The teenage girls are hunting for eggs in my parents’ yard. They pick through the splendidly overgrown vegetation, snatching at bright colors, and calling out to one another whenever they find one. But they are in a difficult position: their age demands a certain jaded attitude towards all things, so they can’t seem too excited, especially over something as childish as hunting for Ostara eggs.
One of the girls picks up a bright red egg that had been hidden inside of a bucket containing a candle. The words “SOUTH” and “FIRE” are etched on the egg in yellow crayon.
“You found one of the elemental eggs,” I say when she walks over to me.
“Yeah,” she says. “It was really easy to find,” she adds, knowing that I was the one who hid it. She is determined that I understand she is not impressed with either of us.
“So are you going to call the quarter, then?”
“I guess,” she replies.
“I found two!” calls one of her companions, and she goes back to hunting.
Of the four quarters being called at this ritual, half will be called by members of the covey of teenage girls, and another by my girlfriend, who has been coming to sabbats with me for some time now, but considers herself agnostic more than anything. The three of them have never called a quarter before. (The last is called by Amy, who has been with us for years.) It’s impossible to know whether or not this will lead to more involvement from them – whether this will encourage them to stay active in our group, someday playing bigger roles in ritual, eventually leading rites themselves. But this is how those of us who have gone that far all began: a quarter called, a door opened, a possibility invited.

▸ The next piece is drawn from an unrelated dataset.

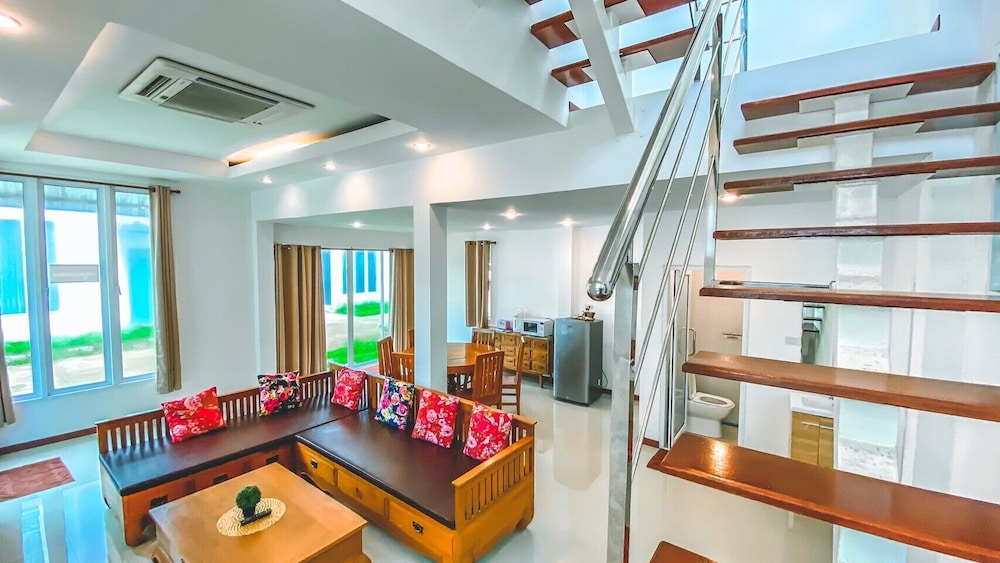 2 Bedrooms House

The girl calls the spirits of fire with nonchalance; her phrasing is not particularly polished. This doesn’t bother me. I remember when I was her age. I don’t think I realized how impressive a thing I had done then, either.
* * *
I am preparing the feast – lamb kebabs, with onion and parsnips – when I see him through the kitchen window. I don’t believe it at first; the last time I had seen him, he had big hair and a bigger mustache. But I hadn’t seen him in about fifteen years, so perhaps it’s not surprising that his hair had gotten shorter and grayer. (I still missed the mustache.)
I ran into the living room. “Dad! Get out here!”

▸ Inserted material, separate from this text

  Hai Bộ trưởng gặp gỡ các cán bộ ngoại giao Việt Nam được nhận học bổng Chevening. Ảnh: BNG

My father looked up from telling one of his infinite stories. “What? What’s going on?”
Dad got up.
Families all have their missing cousins – the ones who packed their bags and left for other places, their memories enshrined but their presence absent. Jimmy was one of ours. He had been a part of our coven when I was a child, but he had long ago moved to California with his wife. I hadn’t heard his voice since I was eleven or twelve. We were friends on Facebook, but that’s a pretty tenuous connection.
There was a look that came over the faces of my parents’ generation when they realized who this gray-haired stranger was – a look of joy that I hadn’t seen on any of them before. For a moment, as they crowded around, demanding hugs and laughs and kisses, they all became young again.

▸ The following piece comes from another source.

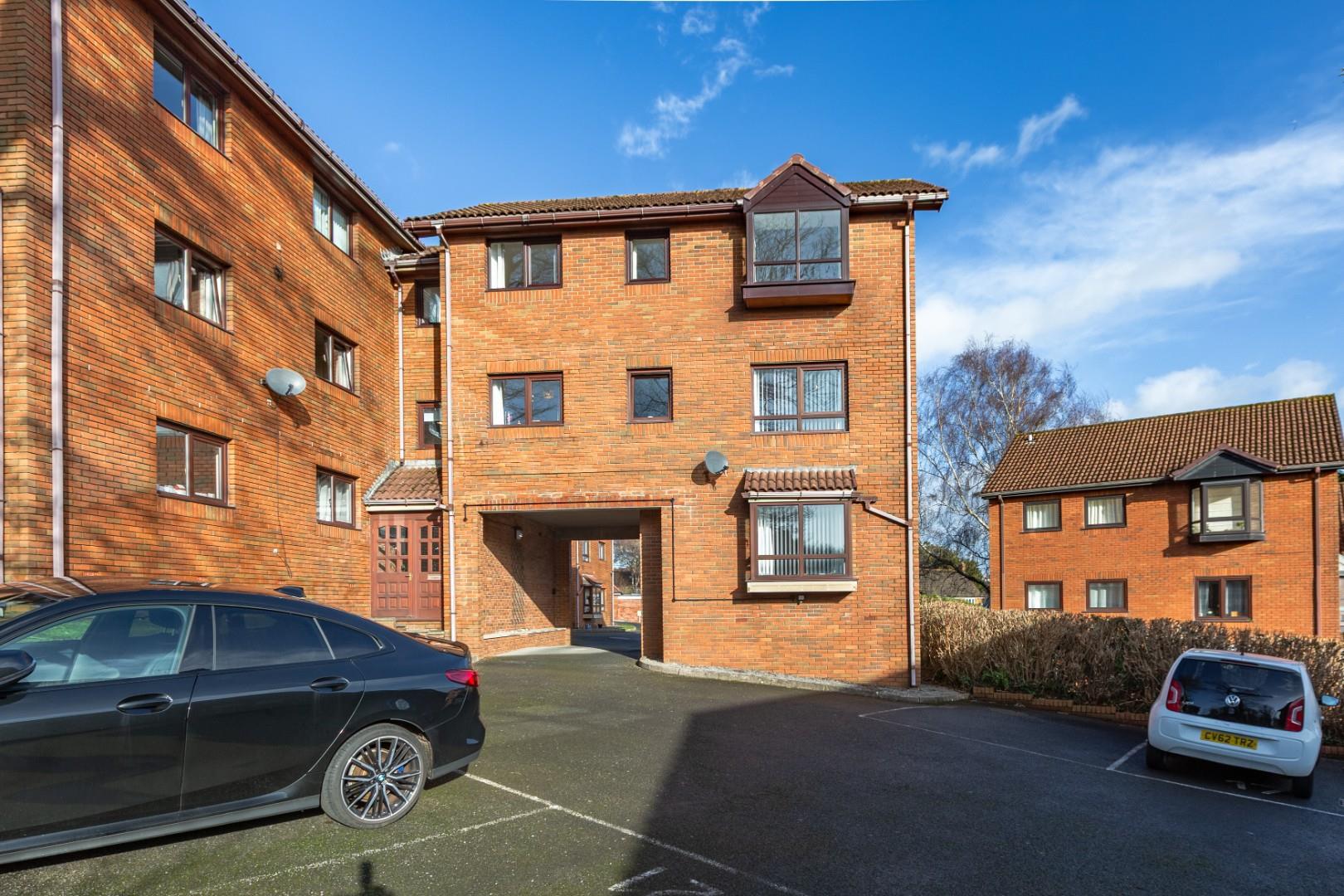 Folland Court, West Cross, Swansea, SA3 5BJ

I stayed in the kitchen while they cried and took pictures. I would have time to talk to Jimmy – to hear his astonishment at how different a creature I was from the boy he had last known – later. For now, I would stay inside, a being from another time, watching the joyful past playing out in the yard.
* * *
We had three newborns at Ostara this year. I wrote about one of them, Ellie, last year; she was joined by Evan and Julian, the latter just a few weeks old. I can’t remember a time when we had so many infants at a festival; it may not have happened since I was one of those infants. But that seemed fine – what better festival to introduce these new souls besides the spring equinox, resting on the cusp of a young, green world? We spent as much of the festival cooing over them as we did worrying about the ritual. I didn’t get to spend much time with Julian at Ostara.
Julian is the first child of my coven-brother Alaric, the eldest of our crop of second-generation Wiccans, and Jules spent most of the festival being adored by his grandmother and his witchy aunts; getting any face-time with the baby would have taken more effort than I had to spare while running the sabbat. But Alaric brought Julian to our New Moon gathering last night, a more intimate occasion, and I got to see him a little more. Already I can observe Alaric’s features in the baby’s face, and even more, the features of others in his family. Everyone says he looks a lot like his aunt Sarah, my ritual collaborator; I think he has the face of his grandmother, my beloved aunt Elaine.
I suppose anything I could say about Julian – named, of course, for the last pagan emperor of Rome – would be a cliché. He is tiny, holy, marvelous. I spent most of last night watching him sleep. Although I know my feelings are nothing compared to what Alaric and his wife Amanda must feel for him, I had a powerful realization last night as I saw his little chest rise up and down.
We are the inheritors of a family tradition – pagan children, given the glorious gift of our religion and our coven. But it is not just a gift for us to enjoy; it is something we have to uphold, maintain, cherish. Something that we have inherited, with the promise of bequeathing it to our children in turn.
It’s a gift we will someday give to you, little Julian.